(DATASET RECORDS)
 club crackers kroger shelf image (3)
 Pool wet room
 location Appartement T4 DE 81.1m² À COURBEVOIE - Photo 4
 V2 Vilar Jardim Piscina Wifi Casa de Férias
(End DATASET RECORDS)
(DATASET RECORDS)
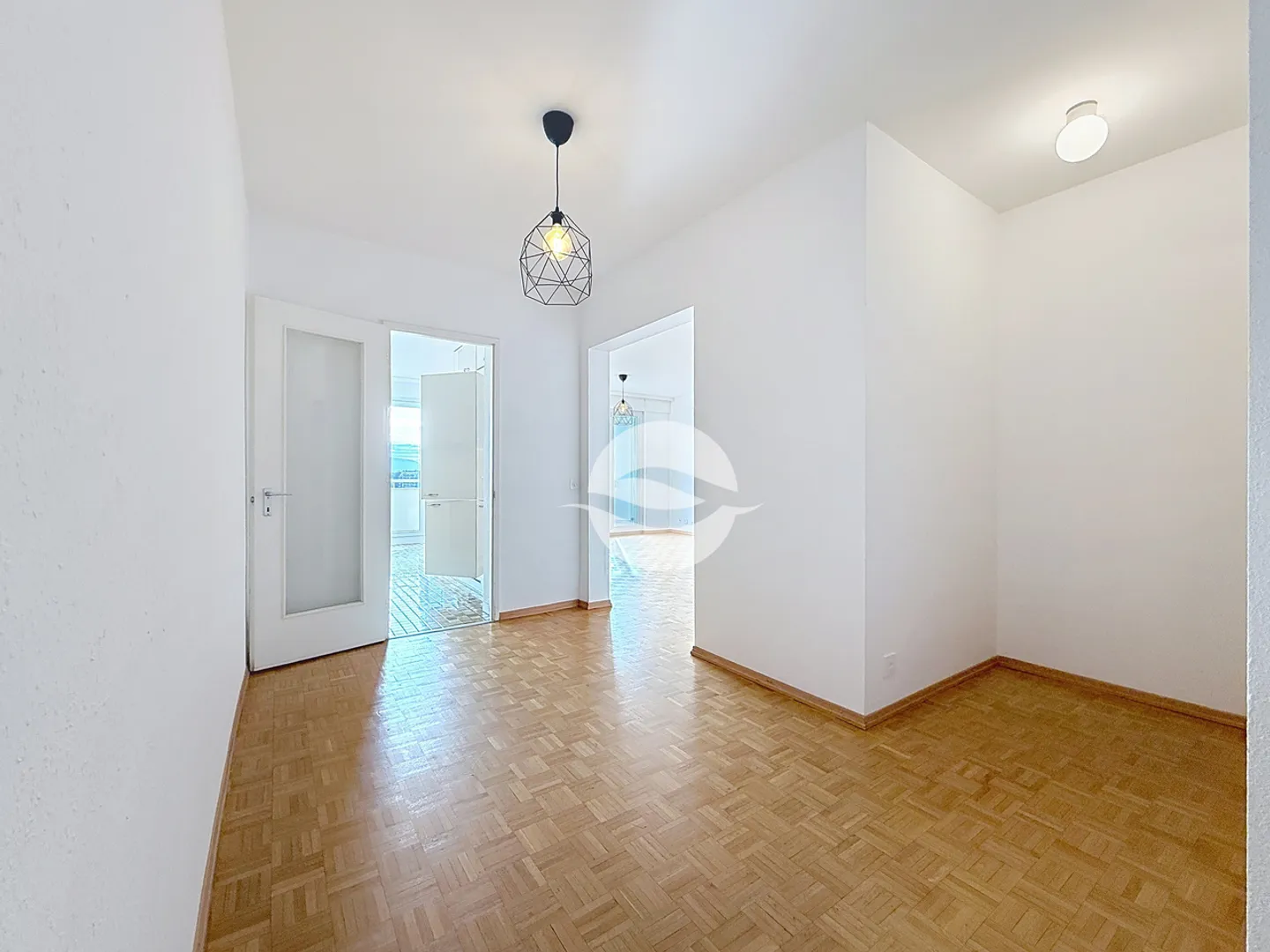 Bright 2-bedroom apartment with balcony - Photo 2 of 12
(End DATASET RECORDS)
(DATASET RECORDS)
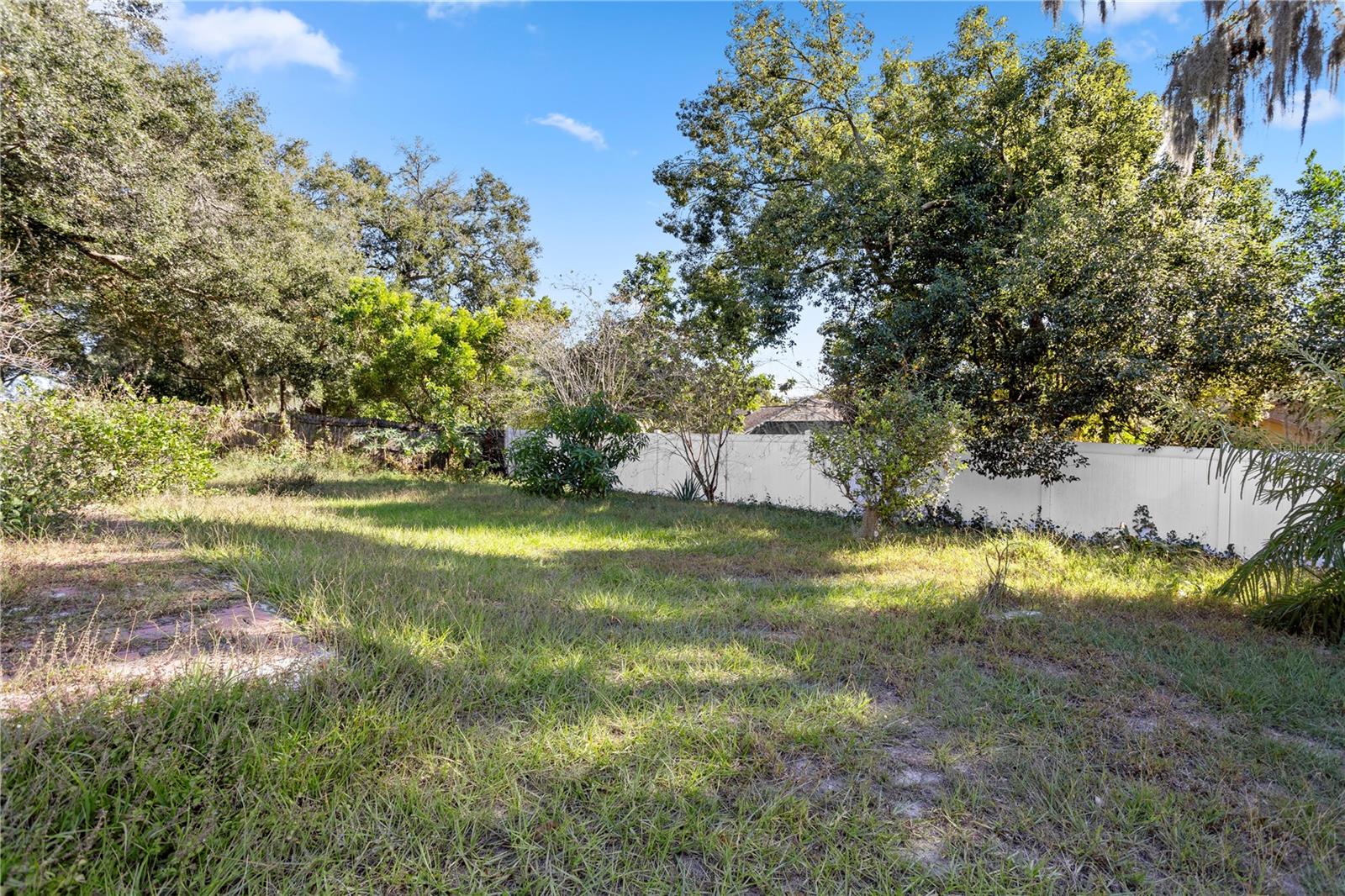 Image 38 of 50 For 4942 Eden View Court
(End DATASET RECORDS)
Everything from the line with "club crackers kroger shelf image (3)" through the line with "V2 Vilar Jardim Piscina Wifi Casa de Férias" in the listing above must be retyped exactly, with nothing added.

 club crackers kroger shelf image (3)
 Pool wet room
 location Appartement T4 DE 81.1m² À COURBEVOIE - Photo 4
 V2 Vilar Jardim Piscina Wifi Casa de Férias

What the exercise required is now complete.